= Try it =
Begin at the first line below and copy each line exactly, ending with the line where "Toyota Highlander III, 2005" appears.
[Material for the task — start]
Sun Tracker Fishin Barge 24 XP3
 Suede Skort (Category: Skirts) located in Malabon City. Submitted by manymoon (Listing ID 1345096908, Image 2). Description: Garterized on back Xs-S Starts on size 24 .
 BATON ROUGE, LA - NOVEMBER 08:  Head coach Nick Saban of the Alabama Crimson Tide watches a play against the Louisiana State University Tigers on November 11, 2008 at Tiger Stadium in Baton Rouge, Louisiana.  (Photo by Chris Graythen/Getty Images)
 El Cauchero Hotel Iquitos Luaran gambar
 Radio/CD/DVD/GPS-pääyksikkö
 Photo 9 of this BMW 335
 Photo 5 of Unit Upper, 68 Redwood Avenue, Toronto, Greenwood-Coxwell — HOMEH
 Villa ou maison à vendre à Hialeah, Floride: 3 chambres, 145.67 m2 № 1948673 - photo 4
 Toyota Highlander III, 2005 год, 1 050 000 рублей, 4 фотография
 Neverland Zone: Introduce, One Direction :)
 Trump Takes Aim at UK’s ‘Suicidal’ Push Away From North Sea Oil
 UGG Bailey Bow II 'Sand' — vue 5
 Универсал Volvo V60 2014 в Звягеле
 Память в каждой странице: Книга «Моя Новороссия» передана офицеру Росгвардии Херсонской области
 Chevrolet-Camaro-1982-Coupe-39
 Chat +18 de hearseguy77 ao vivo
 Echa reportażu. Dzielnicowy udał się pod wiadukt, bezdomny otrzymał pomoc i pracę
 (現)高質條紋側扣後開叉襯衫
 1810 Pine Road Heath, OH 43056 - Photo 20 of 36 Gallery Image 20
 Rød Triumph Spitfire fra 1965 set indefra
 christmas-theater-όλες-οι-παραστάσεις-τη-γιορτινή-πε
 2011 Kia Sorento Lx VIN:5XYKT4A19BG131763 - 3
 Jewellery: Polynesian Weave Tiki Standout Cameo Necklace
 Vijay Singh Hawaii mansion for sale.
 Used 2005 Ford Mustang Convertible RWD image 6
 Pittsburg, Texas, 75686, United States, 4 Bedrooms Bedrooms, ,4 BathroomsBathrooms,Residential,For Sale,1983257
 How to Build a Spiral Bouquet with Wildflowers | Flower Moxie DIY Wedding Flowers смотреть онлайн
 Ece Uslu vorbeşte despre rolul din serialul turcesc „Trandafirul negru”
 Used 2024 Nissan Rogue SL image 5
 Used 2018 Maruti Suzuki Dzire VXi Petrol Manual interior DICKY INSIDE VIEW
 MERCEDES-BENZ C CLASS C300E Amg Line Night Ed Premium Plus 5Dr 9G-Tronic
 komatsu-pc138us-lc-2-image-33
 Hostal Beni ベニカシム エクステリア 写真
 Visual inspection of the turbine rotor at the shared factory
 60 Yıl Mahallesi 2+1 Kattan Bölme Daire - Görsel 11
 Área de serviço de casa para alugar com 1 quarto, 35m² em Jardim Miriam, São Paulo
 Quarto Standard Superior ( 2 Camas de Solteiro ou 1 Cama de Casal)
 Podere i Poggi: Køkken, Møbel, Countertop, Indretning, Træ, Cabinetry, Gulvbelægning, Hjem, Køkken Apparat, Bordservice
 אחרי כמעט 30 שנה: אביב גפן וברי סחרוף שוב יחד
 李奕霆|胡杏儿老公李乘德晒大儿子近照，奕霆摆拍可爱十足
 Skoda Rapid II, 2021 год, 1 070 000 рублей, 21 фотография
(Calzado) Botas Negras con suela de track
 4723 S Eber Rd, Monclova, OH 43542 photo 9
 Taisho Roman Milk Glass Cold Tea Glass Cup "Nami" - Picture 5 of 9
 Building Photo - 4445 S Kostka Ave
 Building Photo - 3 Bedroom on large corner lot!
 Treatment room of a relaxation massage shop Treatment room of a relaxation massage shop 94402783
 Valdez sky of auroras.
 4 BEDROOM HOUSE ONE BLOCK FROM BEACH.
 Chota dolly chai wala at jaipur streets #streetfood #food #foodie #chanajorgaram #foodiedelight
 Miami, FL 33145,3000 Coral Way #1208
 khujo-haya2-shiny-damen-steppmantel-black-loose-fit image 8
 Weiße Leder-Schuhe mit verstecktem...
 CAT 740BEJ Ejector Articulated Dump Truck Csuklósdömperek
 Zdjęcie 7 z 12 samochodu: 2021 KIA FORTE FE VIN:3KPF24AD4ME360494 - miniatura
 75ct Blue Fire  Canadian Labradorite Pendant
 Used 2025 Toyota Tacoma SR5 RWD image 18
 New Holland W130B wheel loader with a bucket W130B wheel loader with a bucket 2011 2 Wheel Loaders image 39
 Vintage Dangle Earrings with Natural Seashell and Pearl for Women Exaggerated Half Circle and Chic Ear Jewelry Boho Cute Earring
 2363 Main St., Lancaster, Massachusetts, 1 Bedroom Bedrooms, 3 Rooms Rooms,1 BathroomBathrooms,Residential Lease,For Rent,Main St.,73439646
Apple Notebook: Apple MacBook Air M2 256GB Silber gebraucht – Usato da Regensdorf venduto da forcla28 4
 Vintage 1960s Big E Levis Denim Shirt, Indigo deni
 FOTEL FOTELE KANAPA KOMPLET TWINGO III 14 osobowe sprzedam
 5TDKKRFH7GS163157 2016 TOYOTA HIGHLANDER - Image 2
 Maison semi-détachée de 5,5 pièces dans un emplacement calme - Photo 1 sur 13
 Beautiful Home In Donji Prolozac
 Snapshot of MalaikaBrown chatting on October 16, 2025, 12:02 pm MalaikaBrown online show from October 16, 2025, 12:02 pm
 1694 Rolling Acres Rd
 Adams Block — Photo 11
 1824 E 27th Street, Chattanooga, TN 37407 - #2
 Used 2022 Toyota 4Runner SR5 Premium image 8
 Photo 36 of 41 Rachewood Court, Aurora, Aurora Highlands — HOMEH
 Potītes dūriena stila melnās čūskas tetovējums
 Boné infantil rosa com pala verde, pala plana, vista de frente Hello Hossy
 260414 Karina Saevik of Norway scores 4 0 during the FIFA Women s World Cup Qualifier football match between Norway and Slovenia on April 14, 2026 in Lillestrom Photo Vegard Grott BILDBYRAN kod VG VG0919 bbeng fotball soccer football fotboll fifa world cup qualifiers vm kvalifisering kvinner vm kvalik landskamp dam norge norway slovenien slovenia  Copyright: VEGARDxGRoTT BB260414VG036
[Material for the task — finish]
= Response =
Sun Tracker Fishin Barge 24 XP3
 Suede Skort (Category: Skirts) located in Malabon City. Submitted by manymoon (Listing ID 1345096908, Image 2). Description: Garterized on back Xs-S Starts on size 24 .
 BATON ROUGE, LA - NOVEMBER 08:  Head coach Nick Saban of the Alabama Crimson Tide watches a play against the Louisiana State University Tigers on November 11, 2008 at Tiger Stadium in Baton Rouge, Louisiana.  (Photo by Chris Graythen/Getty Images)
 El Cauchero Hotel Iquitos Luaran gambar
 Radio/CD/DVD/GPS-pääyksikkö
 Photo 9 of this BMW 335
 Photo 5 of Unit Upper, 68 Redwood Avenue, Toronto, Greenwood-Coxwell — HOMEH
 Villa ou maison à vendre à Hialeah, Floride: 3 chambres, 145.67 m2 № 1948673 - photo 4
 Toyota Highlander III, 2005 год, 1 050 000 рублей, 4 фотография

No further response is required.